Even without being thrown up on to an Imax screen, the 3D quality is extraordinary and immediately renders redundant any previous 3D experience you might have had. Certainly you get the glasses - large Elton-inspired embarrassments - but this is a whole other 3D experience.
Those of a technical persuasion will thrill to learn this movie utilises in-camera motion control and some blah-blah about fibre optics - but for the rest of us the attraction is in the cameras taking us to a point above Larry Mullen Jr's drum kit, standing alongside The Edge and Adam Clayton, being right there in the crowd, pulling back to take in the full sweep of the stadia, peering into Bono's pores ... And all this in a 3D clarity which, at the session I was at, had people reaching their hand out to touch the band - because it looked like you could.

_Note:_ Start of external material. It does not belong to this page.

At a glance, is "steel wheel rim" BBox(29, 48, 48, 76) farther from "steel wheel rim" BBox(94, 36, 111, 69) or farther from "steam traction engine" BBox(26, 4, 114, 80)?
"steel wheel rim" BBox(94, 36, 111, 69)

So forget your experiences of something at Disneyland, this is exceptional 3D (and 5.1 sound) and U2 are at the edge of this technological breakthrough, as they were back in the ZooTV days.
Frankly, I wished the music and stage attitude was like then too, but this set errs to the anthemic (all the popular stadium fillers and cellphone-wavers like Bullet the Blue Sky, Pride, Where the Streets Have No Name and so on) and Bono reverts to the earnest posturing. Musically it only burst to life with the opener Vertigo, the powerful Miss Sarajevo and the encore of The Fly.
But oddly enough, this is a concert film you can enjoy even if you aren't into the band or the set list. This is a concert like you have never seen, closer than you could ever get. Even better than the real thing?